_TASK DETAILS_
Set down each line of the data exactly, but not the pictures.

_INPUT DATA_
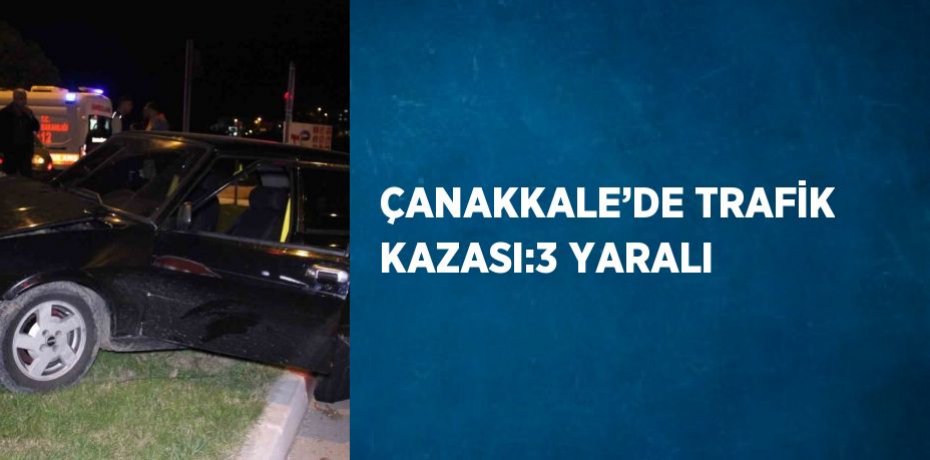 ÇANAKKALE’DE TRAFİK KAZASI:3 YARALI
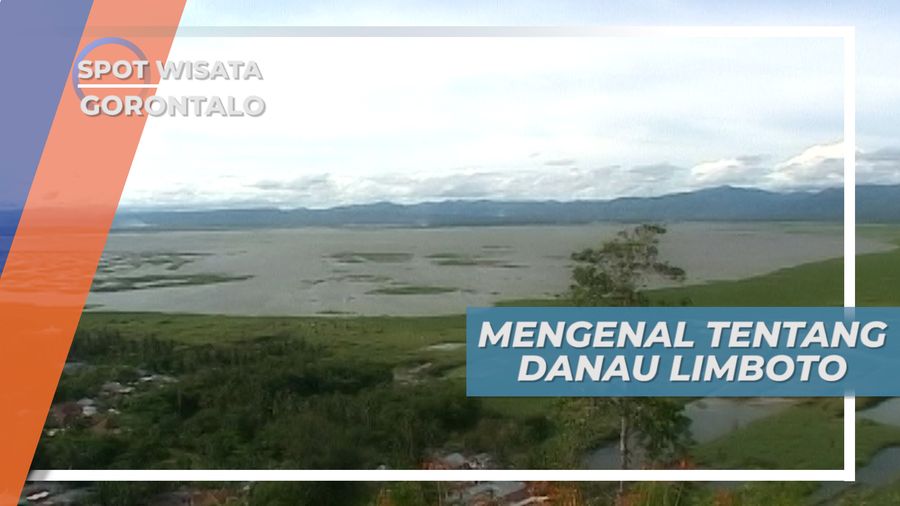Danau Limboto, Danau Terluas Dan Saksi Bisu Sejarah Gorontalo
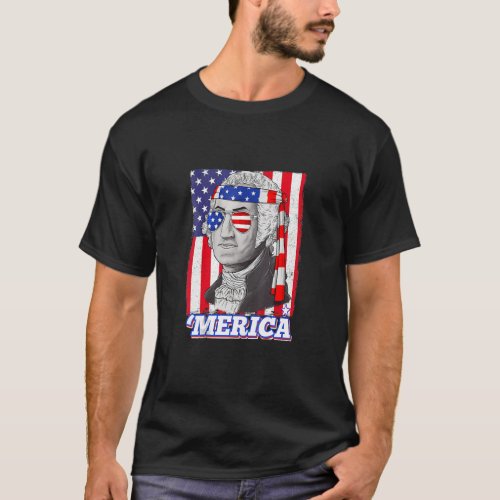 4th Of July George Washington Patriotic Merica Fla T_Shirt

_REPLY TO THE TASK_
 ÇANAKKALE’DE TRAFİK KAZASI:3 YARALI
Danau Limboto, Danau Terluas Dan Saksi Bisu Sejarah Gorontalo
 4th Of July George Washington Patriotic Merica Fla T_Shirt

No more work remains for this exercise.